Annika sonrió y le apremió a seguir.

– Pero tú la salvaste.

– Yo grité igual que el chef de la película de Disney La dama y el vagabundo: Sacramento idioto, voy a darte un puñetazo en la nariz. La saqué de la fuente y la arrastré al hotel.

– ¿Y os fuisteis juntos a la cama?

– Desgraciadamente no. Eleonor se pasó toda la noche vomitando. Al día siguiente estaba blanca como el papel. Pasamos la mañana en la comisaría, denunciando el robo, y la tarde en la Embajada de Suecia, consiguiendo un pasaporte provisional. Esa noche nos fuimos a la A1 con la intención de hacer autostop hacia el norte y volver a casa. Estuvimos siglos en la carretera, con aquel calor horroroso, y casi morimos intoxicados de monóxido de carbono. Al final nos recogió un tipo bajo y rechoncho con un coche rojo. Tenía una resaca como la de Eleonor y no hablaba ni una palabra de ningún idioma conocido. Se metió en la primera área de servicio que encontramos, nos hizo señas de que le siguiéramos y se fue muy decidido al bar. Pidió tres vasos de algo rojo y denso, lanzó una exclamación y se bebió todo el vaso de un trago. Después de dejarlo en el mostrador dando un golpe, nos dirigió una mirada autoritaria al tiempo que agitaba los brazos y decía Prego, prego! Teníamos mucho miedo de que nos dejara tirados si no le obedecíamos, así que bebimos aquella cosa repugnante y volvimos al coche. En cada área de servicio ocurría lo mismo: tres vasos, arriba, golpe en el mostrador. Pronto empezamos a cantar mientras viajábamos. Estaba muy oscuro. Bien entrada la noche llegamos a esa fabulosa ciudad que está en la cima de una montaña muy alta. Perugia, dijo el hombre, y nos buscó alojamiento en casa de un amigo suyo, el panadero. Nos pusieron en una habitación abuhardillada, encima de la panadería; el papel de la pared tenía un estampado de rosas. Hicimos el amor. Para mí era la primera vez.

Thomas se calló. Los recuerdos revoloteaban por el salón como suspiros. Annika tragó saliva y se sintió simultáneamente cercana y distante, y con una impresión de pérdida y dolor.

– La primavera pasada recorrimos la zona vinícola de la Toscana. Un día fuimos a Umbría. Volver a Perugia fue muy extraño; aquel lugar había representado siempre algo especial para nosotros. Fue allí donde nos convertimos en una pareja. No nos hemos separado ni un solo día desde entonces.
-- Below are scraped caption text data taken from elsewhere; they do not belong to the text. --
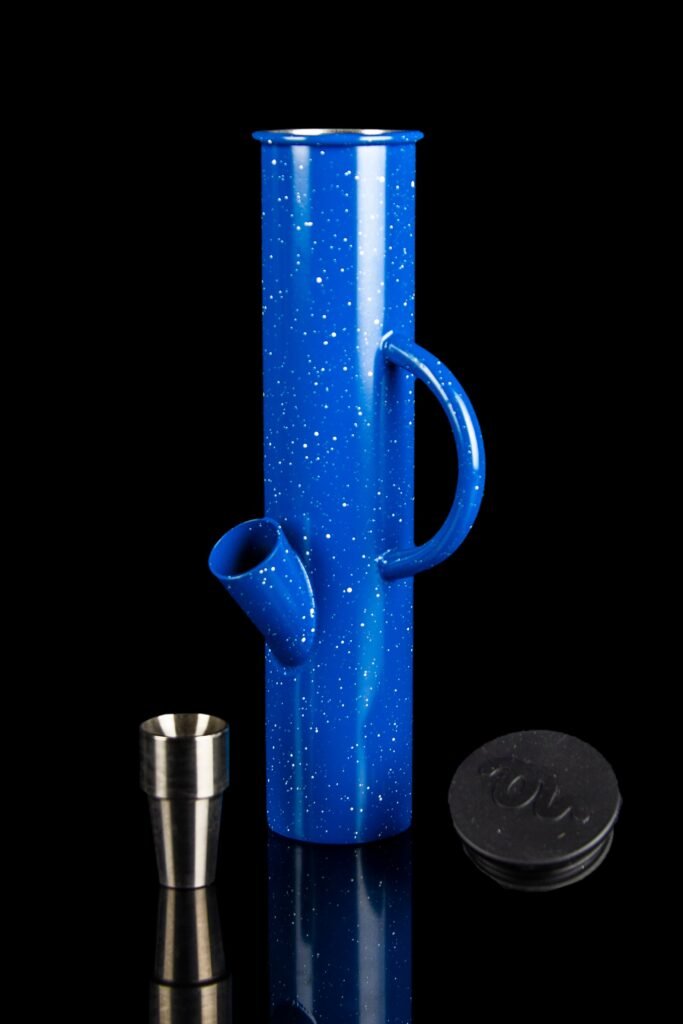 DangleBong Titanium Water Pipe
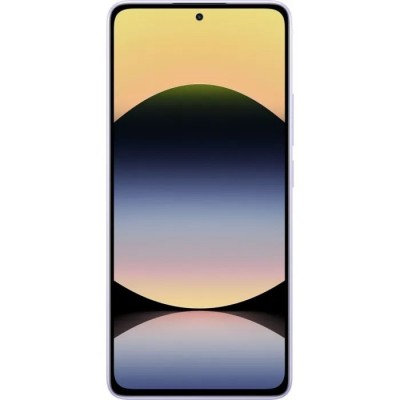 Мобільний телефон Xiaomi Redmi Note 14 5G 6/128GB Lavender Purple (1123266) Мобільний телефон Xiaomi Redmi Note 14 5G 6/128GB Lavender Purple (1123266)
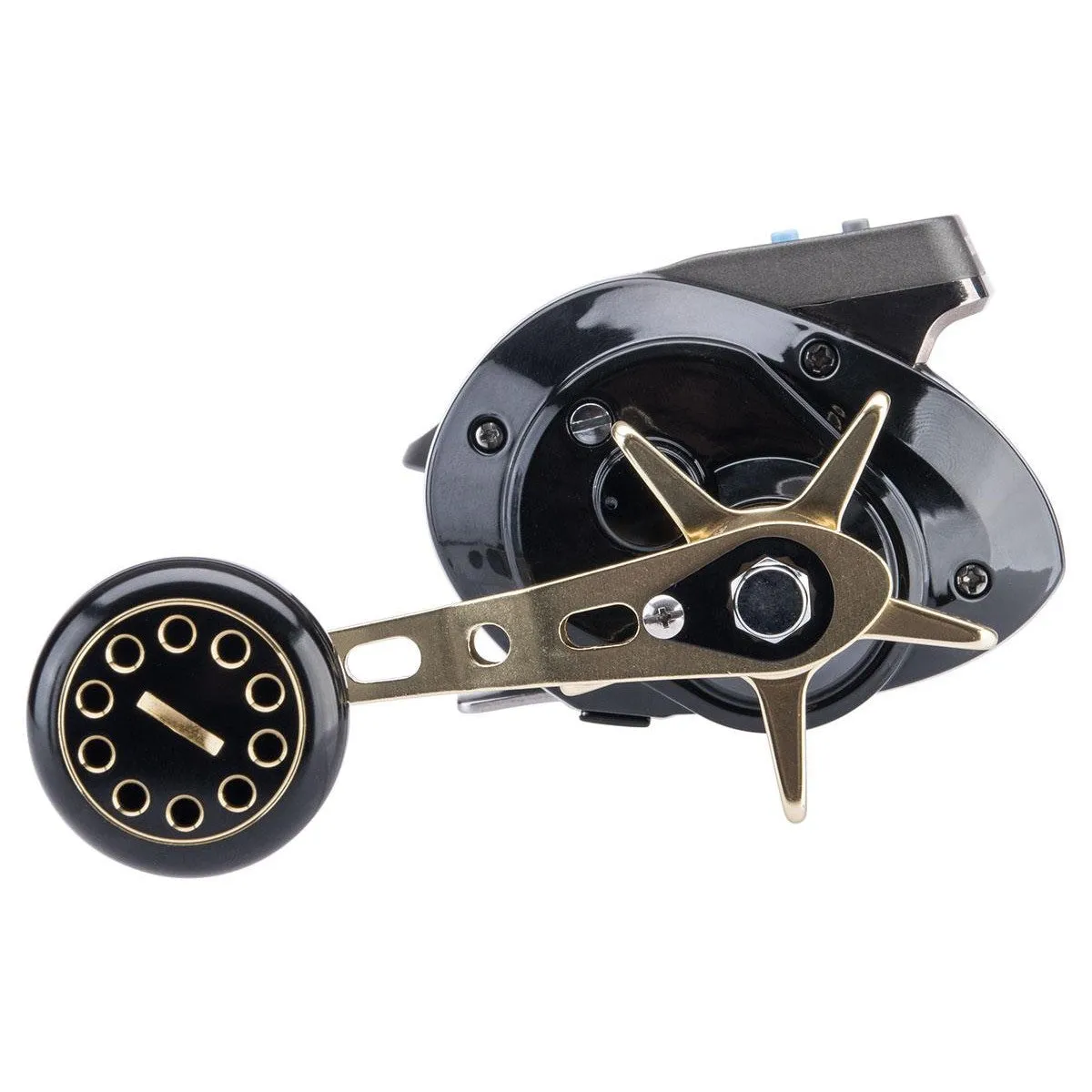 Jigging Master Black Devil 1500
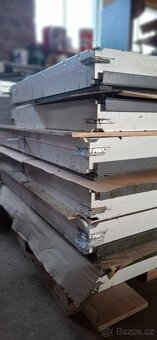 Velux Střešní okno Plastové okno - 18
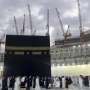 Korban Crane Mekkah asal Bengkulu Kembali Berhaji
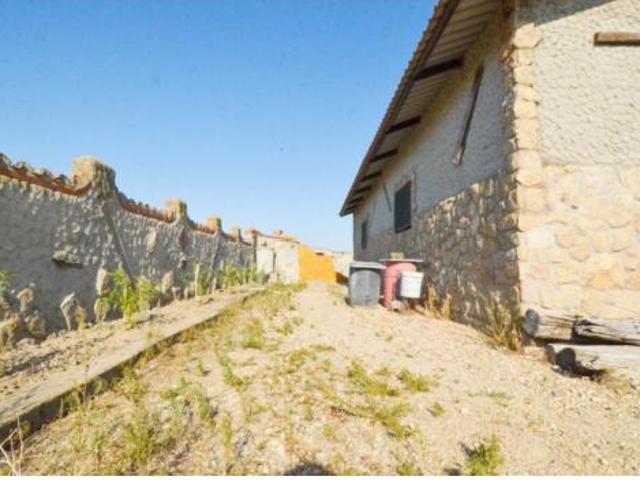Nave en venta en Calvarrasa de Arriba, Salamanca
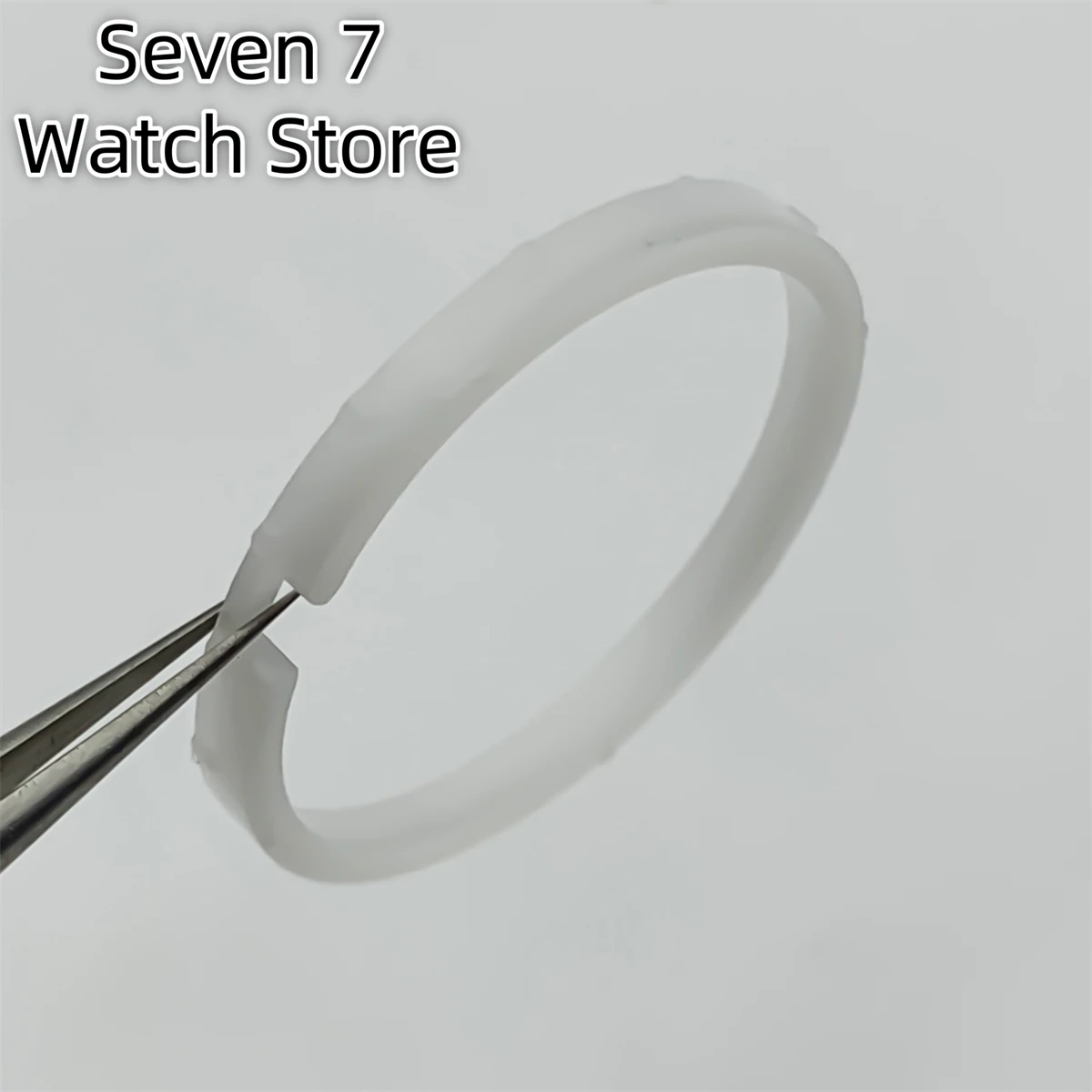 ETA2824 fixed ring movement fixed ring ETA2824 plastic inner cover watch modification accessories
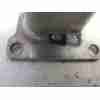 Recambio de refuerzo paragolpes delantero para opel crossland x gs line referencia OEM IAM 9810976080  
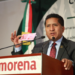 En Morena defendemos la Constitución Mexicana: Raymundo Atanacio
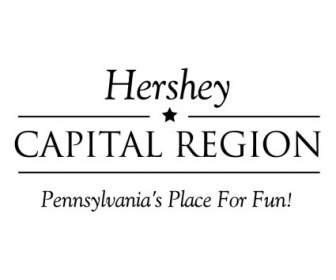 Región Capital De Hershey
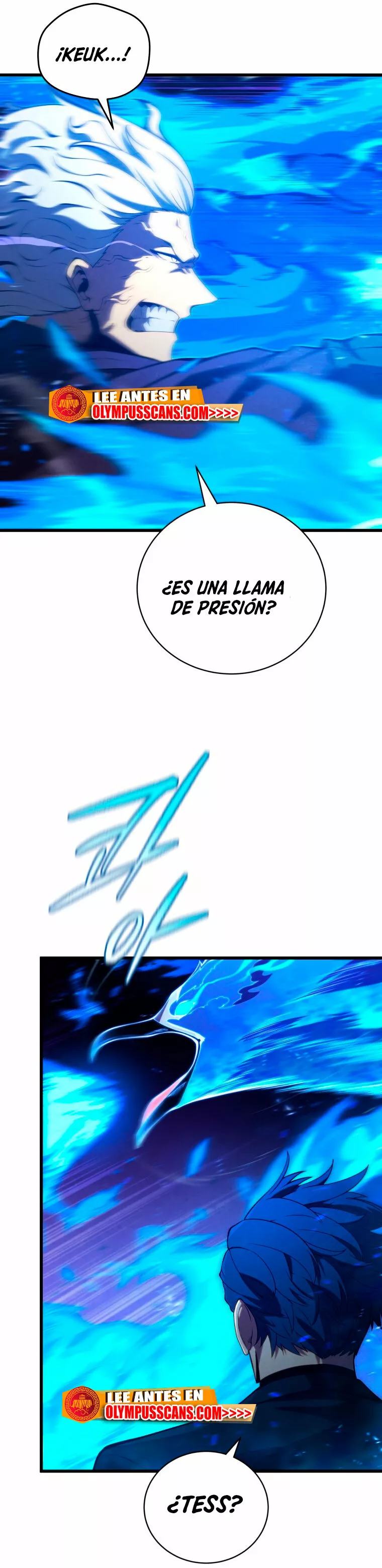 El hijo menor del maestro de la espada Capítulo 79 - Página 29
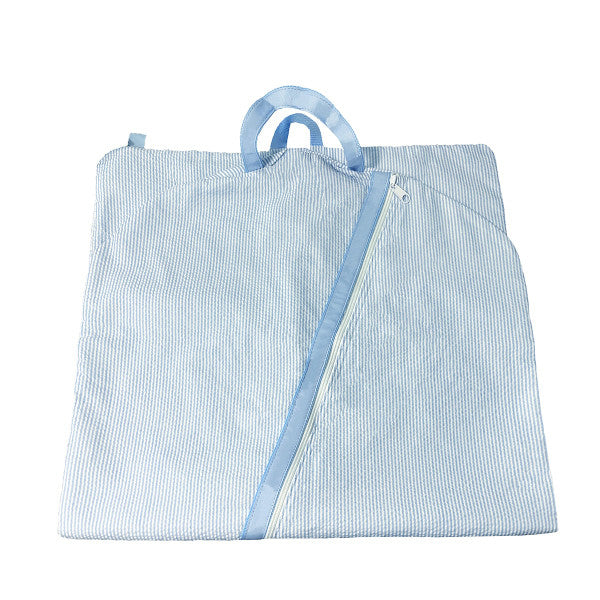 Oh Mint Garment Bag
Una vez más, Thomas se quedó callado.

– ¿Y qué pasó? -quiso saber Annika.

– Que no reconocimos nada. Nuestra Perugia era una tranquila ciudad medieval, con edificios de piedra, como un telón de fondo pintado en lo alto de una montaña. La Perugia real era una ciudad productiva, vital, animada, con universidad. Yo estaba fascinado: Perugia era igual que nuestra relación, algo que había comenzado como una fantasía y había evolucionado hacia una unión productiva, vital e intelectual. Yo quería quedarme, pero Eleonor estaba consternada. Le parecía que la habían engañado. No encontró un matrimonio dinámico en lo que se había convertido Perugia; ella había perdido su sueño.